◆ **YOUR ASSIGNMENT**: Output the records exactly, and drop each picture.

◆ **DATA SHOWN**:
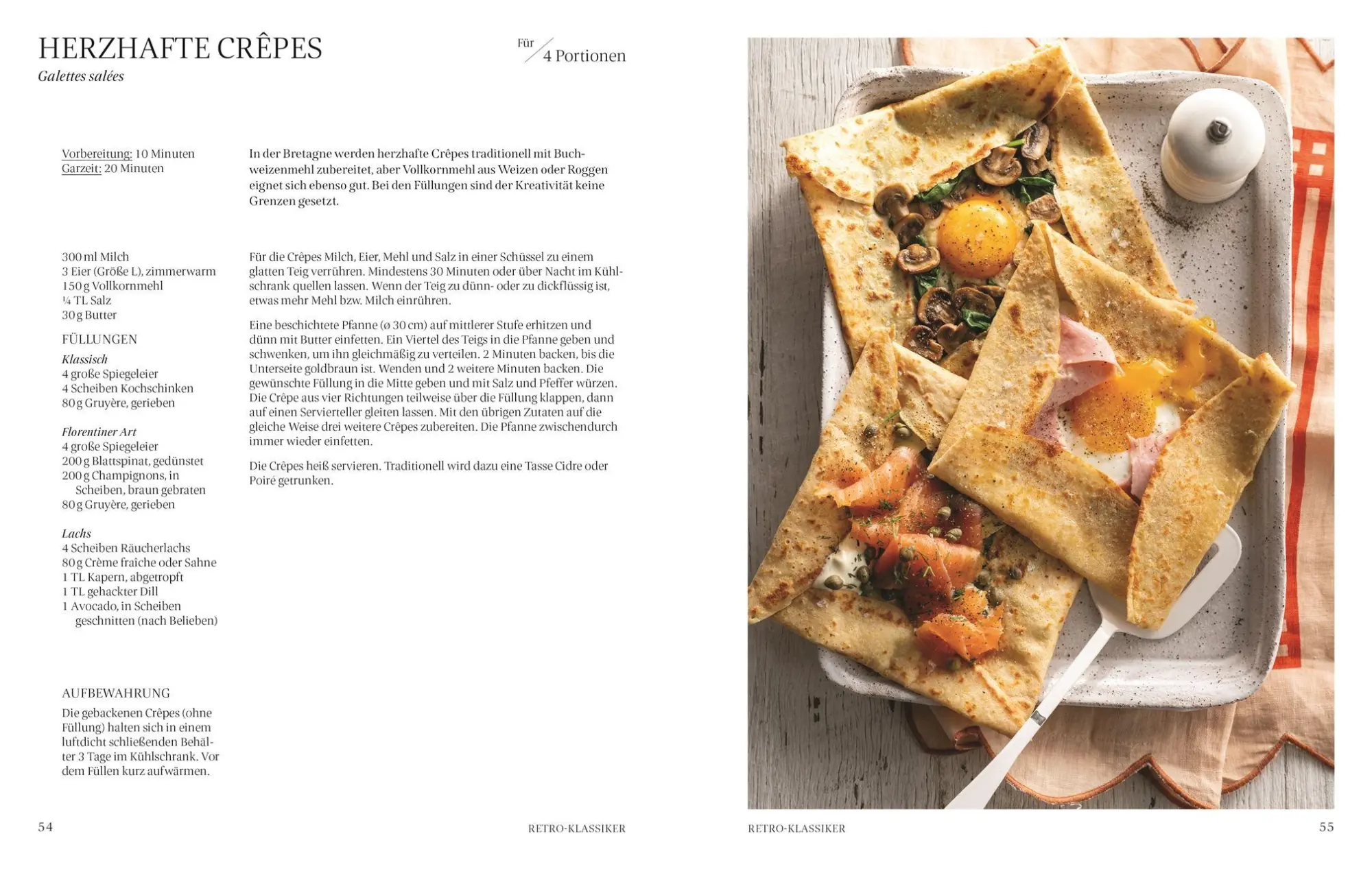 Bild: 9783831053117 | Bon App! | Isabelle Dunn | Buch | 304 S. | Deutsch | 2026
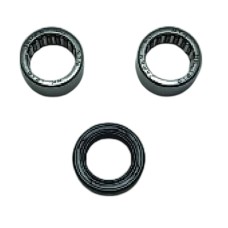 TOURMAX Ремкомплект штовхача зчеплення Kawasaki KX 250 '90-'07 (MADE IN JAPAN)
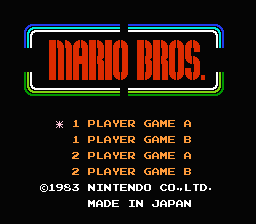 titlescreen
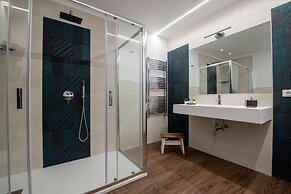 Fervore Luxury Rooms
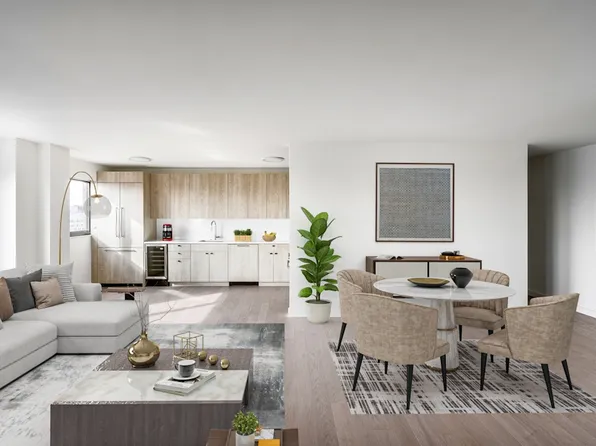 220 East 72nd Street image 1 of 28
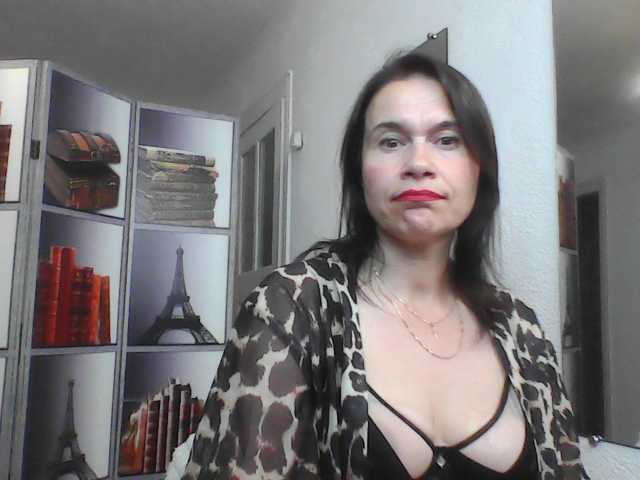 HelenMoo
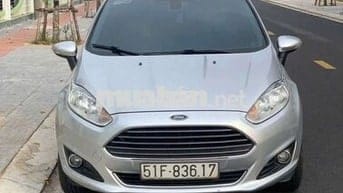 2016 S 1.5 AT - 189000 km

◆ **WRITTEN ANSWER**:
 Bild: 9783831053117 | Bon App! | Isabelle Dunn | Buch | 304 S. | Deutsch | 2026
 TOURMAX Ремкомплект штовхача зчеплення Kawasaki KX 250 '90-'07 (MADE IN JAPAN)
 titlescreen
 Fervore Luxury Rooms
 220 East 72nd Street image 1 of 28
 HelenMoo
 2016 S 1.5 AT - 189000 km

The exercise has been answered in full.